Di nuovo in bilico, la città attende che il Consiglio di Stato si pronunci oggi sui ricorsi proposti dal governo e dalla prefettura di Napoli contro la decisione del Tar di sospendere gli effetti dell’ordinanza prefettizia, che in ottemperanza della legge Severino sospendeva il sindaco Luigi De Magistris a seguito di una condanna in primo grado, per fatti e comportamenti relativi alla sua passata esperienza di magistrato. Mettere in un’unica proposizione il nodo giuridico, politico e morale in cui è stretta Napoli non è facile, ma descrive perfettamente la situazione aggrovigliata in cui si trova la città, e l’incertezza che regna sul suo futuro politico e amministrativo, cioè sul suo futuro tout court.
Il Consiglio di Stato può seguire la linea dei giudici amministrativi di primo grado, che giudicando sbilanciata la misura della sospensione posta a «salvaguardia della moralità dell’amministrazione pubblica» – ma a danno dell’amministratore che non ha ancora subito una condanna definitiva -, ha sollevato una questione di legittimità costituzionale che tuttora pende presso la Suprema Corte, tanto più che la misura sanzionatoria è scattata retroattivamente. Oppure può valutare che la sospensione stabilita dal prefetto discende strettamente dall’applicazione del dettato della legge Severino, non osservando la quale il prefetto avrebbe potuto persino incorrere in un’omissione di atti di ufficio: in questo caso, la decisione andrà nel senso di una smentita del Tar, e il sindaco di Napoli sarà di nuovo sospeso dalla carica.
È difficile fare previsioni: lo è sempre, quando una legge non è una buona legge. Tanto più che nella matassa sono implicati, insieme ai profili giuridici, anche quelli politici, e persino quelli morali. Perché non v’è dubbio che la decisione del Consiglio di Stato interviene sulla vita politica cittadina, e può cambiarne il corso, così come è indubbio che l’intervento è richiesto da una legge che ha preteso di irrogare una sanzione sulla base non di un giudicato, ma di qualcosa come una squalifica morale, che si vuole discenda dalla condanna di primo grado. In ogni caso, comunque il Consiglio di Stato si sarà pronunciato, rimarrà da attendere il verdetto della Corte Costituzionale sulla legittimità costituzionale della legge.

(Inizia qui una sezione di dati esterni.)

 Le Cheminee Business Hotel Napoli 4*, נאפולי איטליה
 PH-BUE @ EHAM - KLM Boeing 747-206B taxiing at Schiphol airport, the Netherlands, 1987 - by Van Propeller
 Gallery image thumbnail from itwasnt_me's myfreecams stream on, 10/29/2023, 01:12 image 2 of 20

Dopodiché c’è Napoli, c’è la città, la capitale di un Mezzogiorno sempre più investito dalla crisi, e sempre meno capace di individuare un sentiero di sviluppo per venirne a capo. L’incertezza a cui si rimane appesi è sicuramente conseguenza di un garbuglio giuridico, intorno al quale si arrovellano i magistrati, ma è anche espressione fedele di una debolezza politica che la città sconta. Debolezza che si registra su entrambi i versanti: sia su quello sul quale è fieramente attestato il sindaco, disposto a procombere da solo ma non a prendere atto delle difficoltà in cui Napoli è impantanata, sia sull’altro, sul quale attende la «turba magna» delle altre forze politiche, che ancora tergiversano senza alcuna vera capacità di iniziativa politica, come se niente e nessuno potesse sospingerli ad agire.

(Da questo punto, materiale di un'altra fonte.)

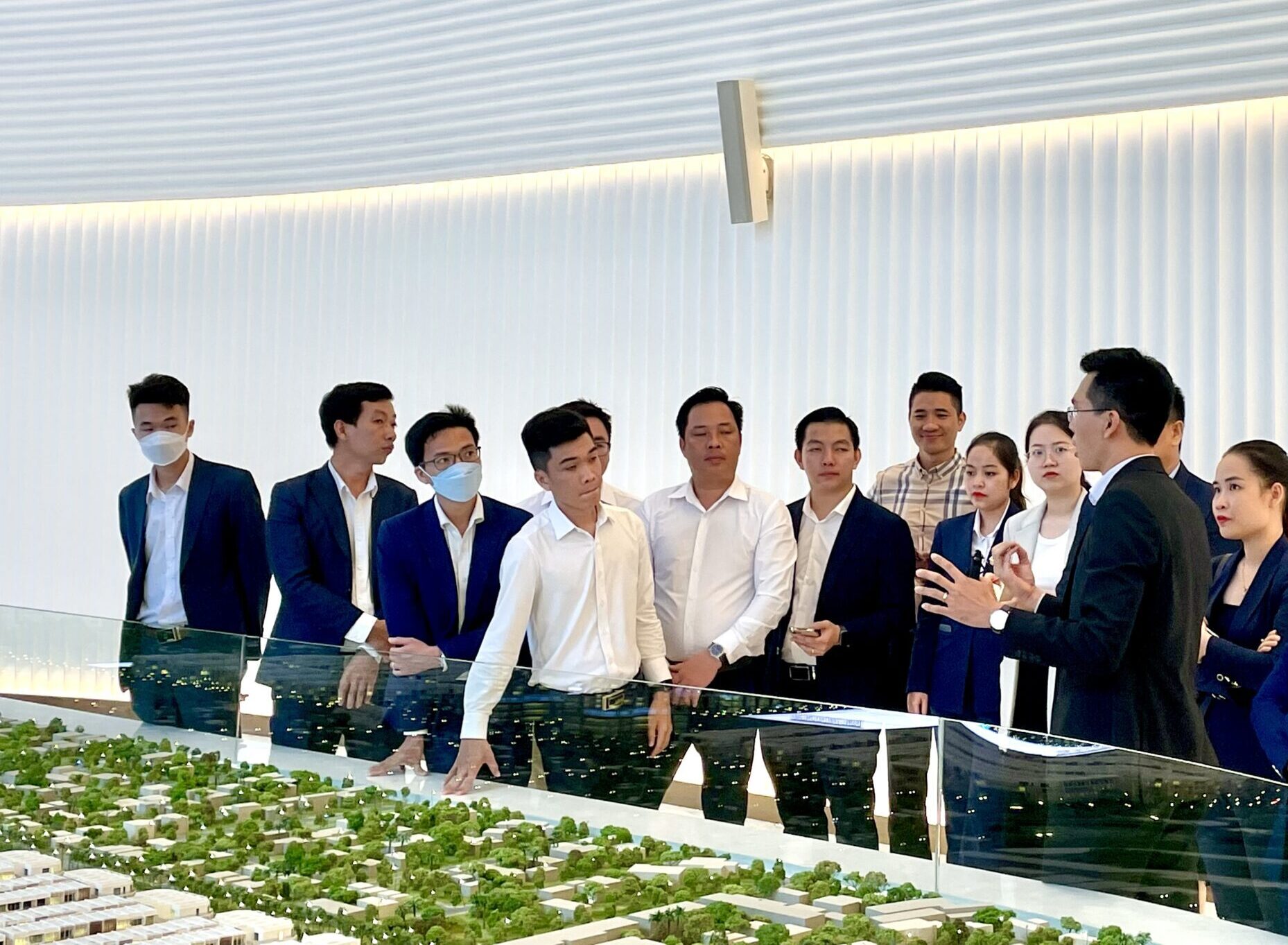 Lê Thành Tấn chia sẻ kiến thức bất động sản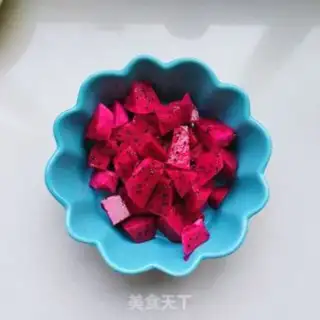 Make raisin and dragon nuts and yogurt step 1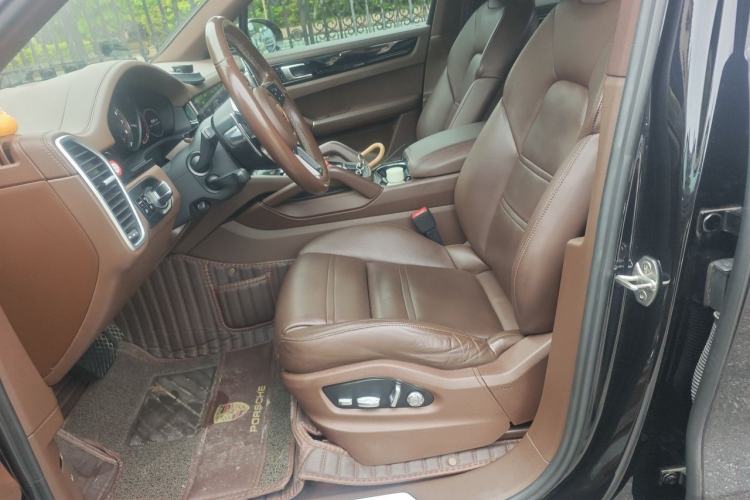 Used Porsche Cayenne E-Hybrid 2019 Cayenne E-Hybrid 2.0T Left Front Seat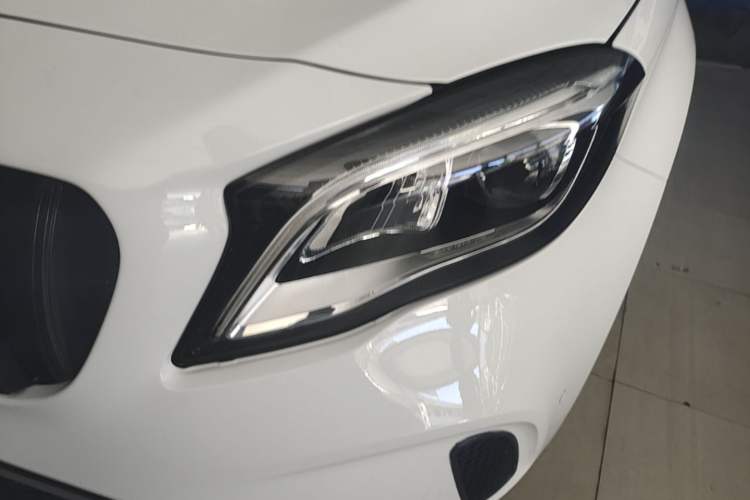 Used Mercedes-Benz GLA 2017 GLA 200 Fashion Model Left Front Headlight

Perché per un verso, reintegrato o no, De Magistris conta su una maggioranza precaria, quasi sporadica, e ormai priva di un disegno politico riconoscibile; ma, per altro verso, che si tratti del centrosinistra o del centrodestra, non c’è modo di vedere profilarsi un’alternativa netta e chiara, che sappia indicare una prospettiva per il dopo De Magistris. Il tempo sospeso che Napoli vive discende sì dalle circonvoluzioni della giustizia amministrativa, ma in realtà è figlio di ben altro: da una parte dell’isolamento politico in cui si è cacciato il sindaco, senza più una reale interlocuzione con gli altri livelli istituzionali e quindi con una capacità di governo di assai più corto respiro; dall’altra dell’inazione delle forze di opposizione, che non riescono ad approfittare dell’impasse cittadina per rimettere in moto la politica, e candidarsi credibilmente alla guida della città.
Se si volesse fare della letteratura, si potrebbe trovare in questo stallo una metafora perfetta della condizione in cui vive la città. Ma si tratta di amministrazione, non di letteratura, e sarebbe molto meglio lasciar perdere le metafore.